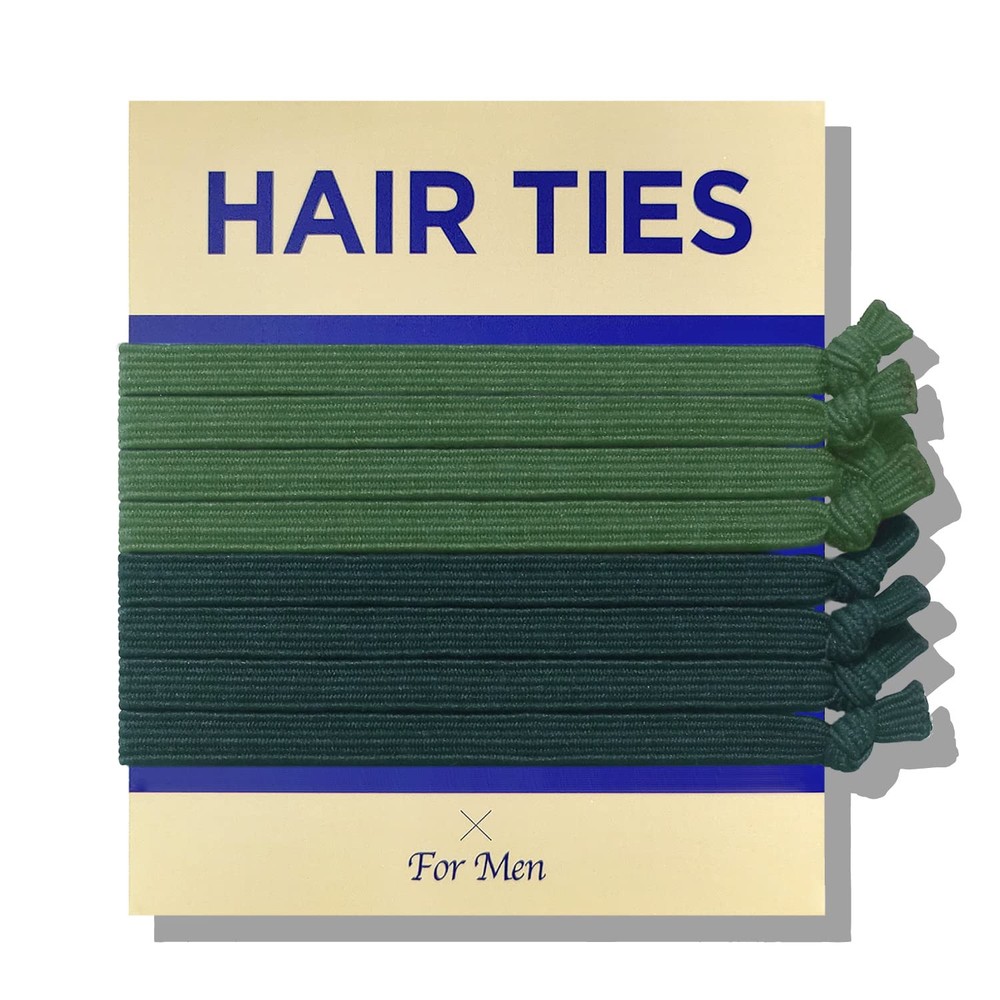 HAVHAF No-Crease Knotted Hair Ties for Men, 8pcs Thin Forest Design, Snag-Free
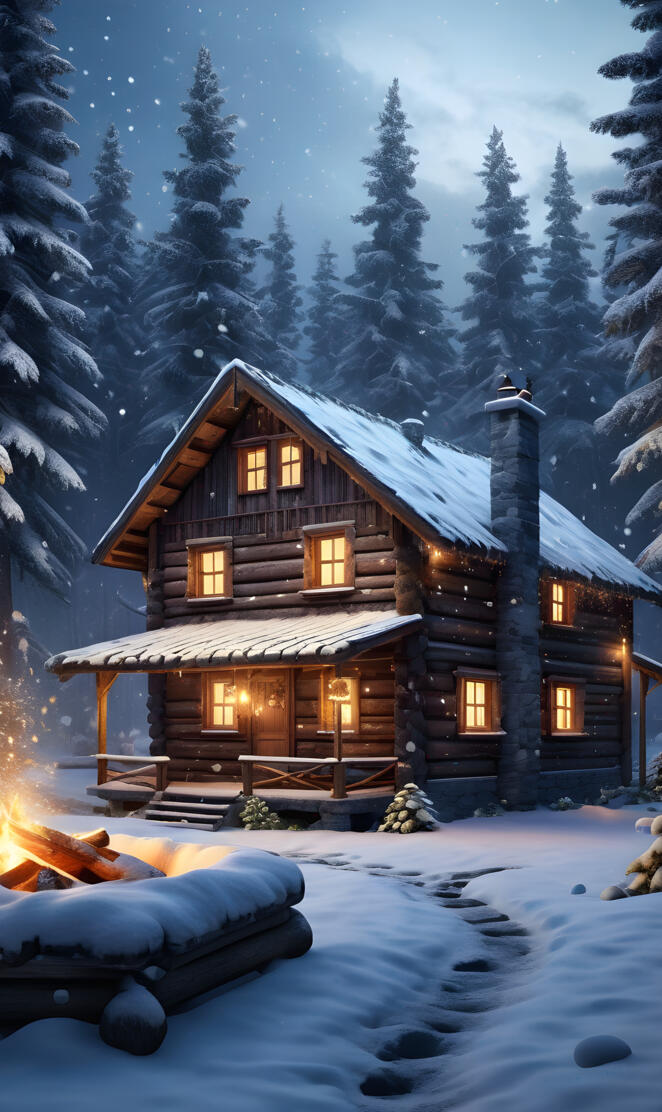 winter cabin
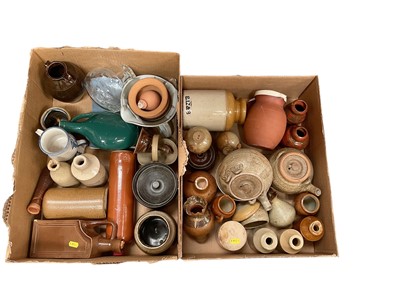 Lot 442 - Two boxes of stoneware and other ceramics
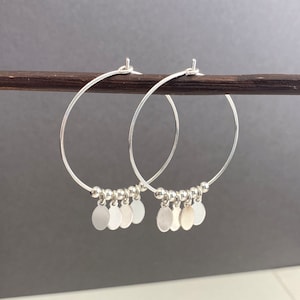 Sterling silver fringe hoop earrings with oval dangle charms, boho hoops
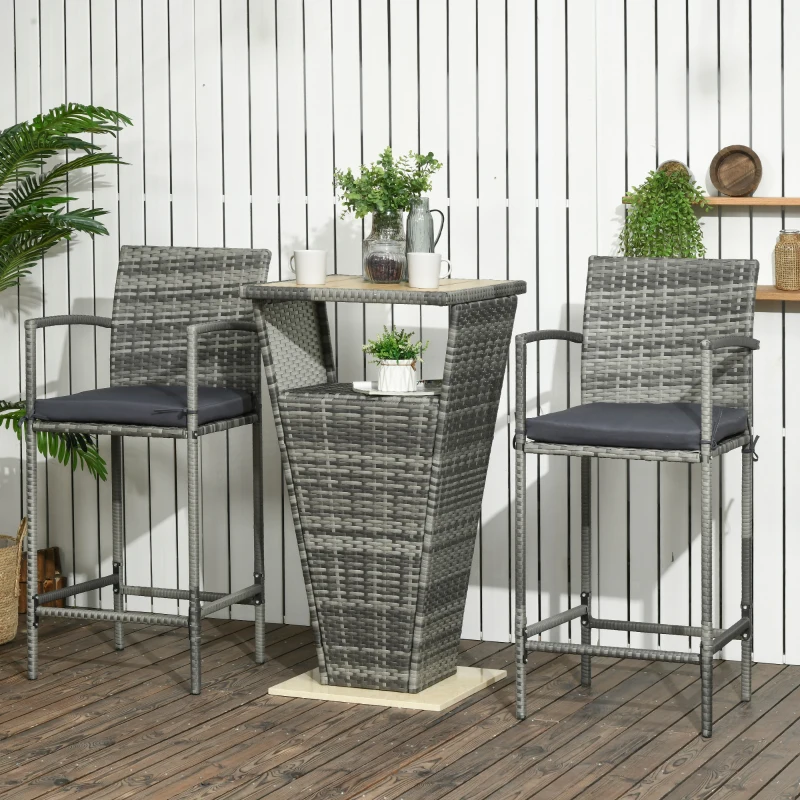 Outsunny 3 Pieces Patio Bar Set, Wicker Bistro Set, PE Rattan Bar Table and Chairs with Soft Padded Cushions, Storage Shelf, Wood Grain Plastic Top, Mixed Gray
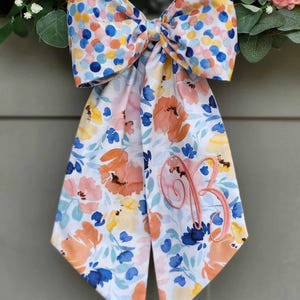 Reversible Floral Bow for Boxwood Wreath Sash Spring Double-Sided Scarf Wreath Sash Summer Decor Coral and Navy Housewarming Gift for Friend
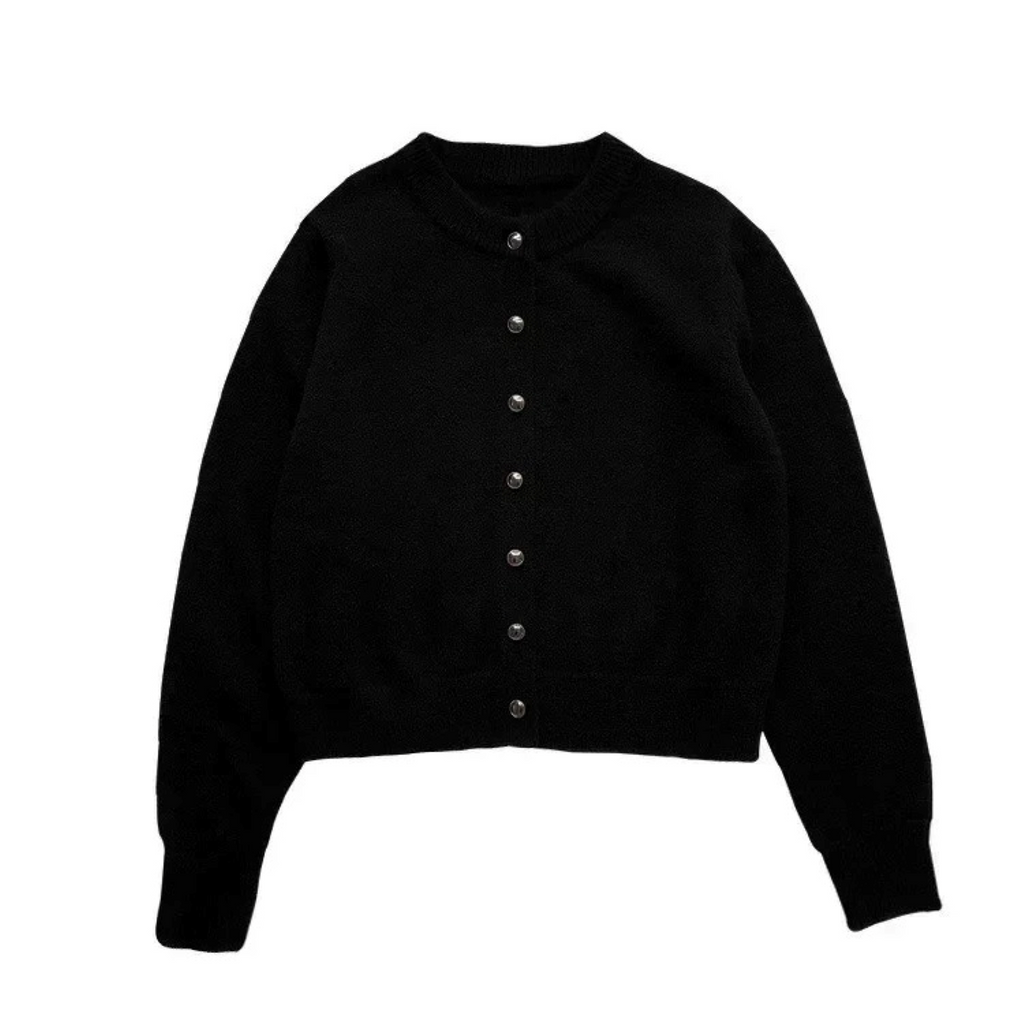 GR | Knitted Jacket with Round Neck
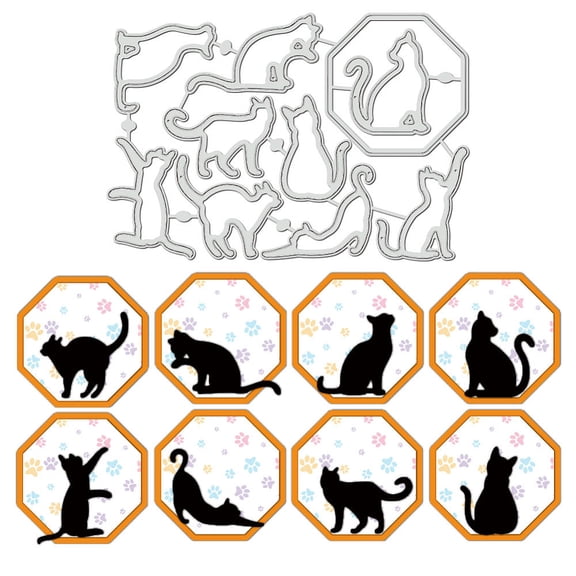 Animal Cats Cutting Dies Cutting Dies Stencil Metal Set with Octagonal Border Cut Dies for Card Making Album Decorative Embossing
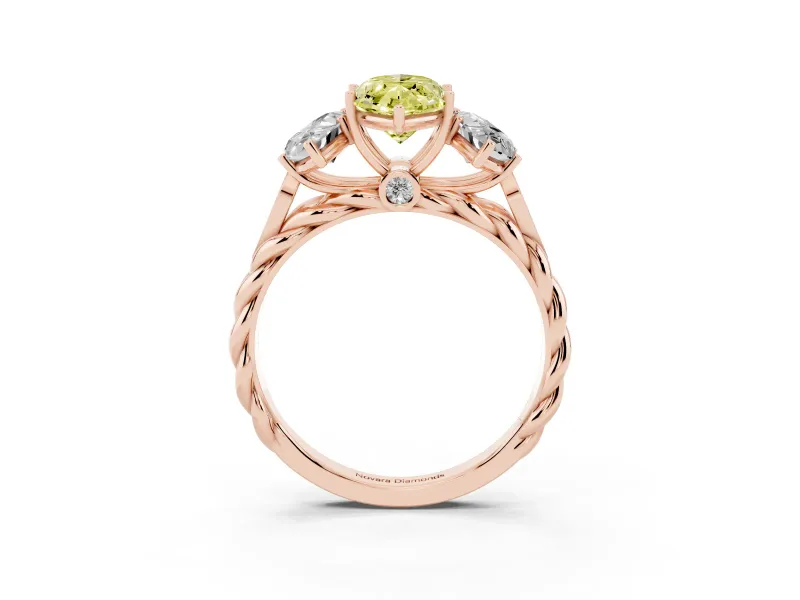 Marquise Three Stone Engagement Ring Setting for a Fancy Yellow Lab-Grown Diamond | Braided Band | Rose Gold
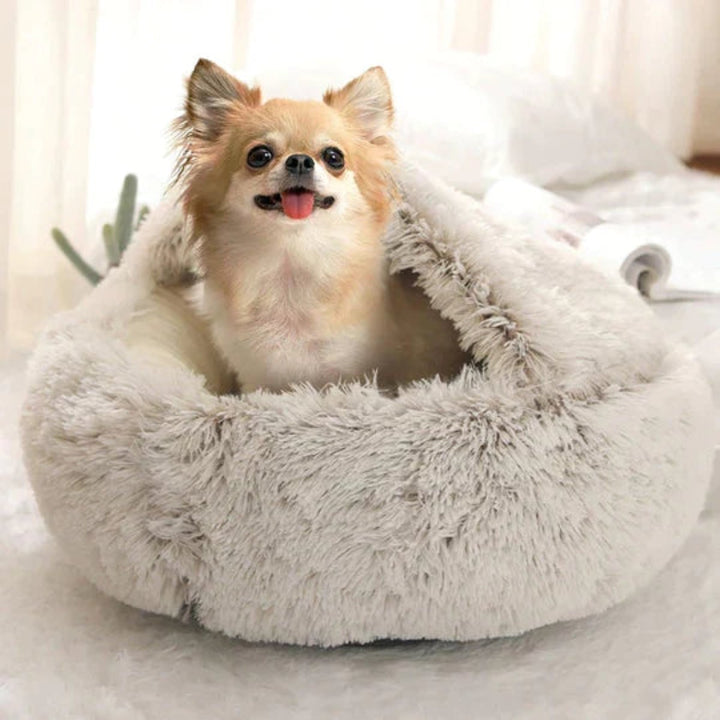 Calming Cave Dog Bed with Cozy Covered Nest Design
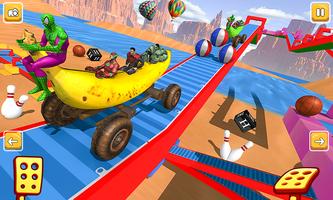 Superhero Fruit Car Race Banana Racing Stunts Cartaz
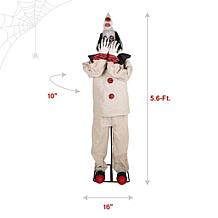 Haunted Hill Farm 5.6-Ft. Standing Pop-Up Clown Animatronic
::::::::
Return exactly, with no pictures, each line from the one that contains "GR | Knitted Jacket with Round Neck" through the end of the entries above, both ends included.

 GR | Knitted Jacket with Round Neck
 Animal Cats Cutting Dies Cutting Dies Stencil Metal Set with Octagonal Border Cut Dies for Card Making Album Decorative Embossing
 Marquise Three Stone Engagement Ring Setting for a Fancy Yellow Lab-Grown Diamond | Braided Band | Rose Gold
 Calming Cave Dog Bed with Cozy Covered Nest Design
 Superhero Fruit Car Race Banana Racing Stunts Cartaz
 Haunted Hill Farm 5.6-Ft. Standing Pop-Up Clown Animatronic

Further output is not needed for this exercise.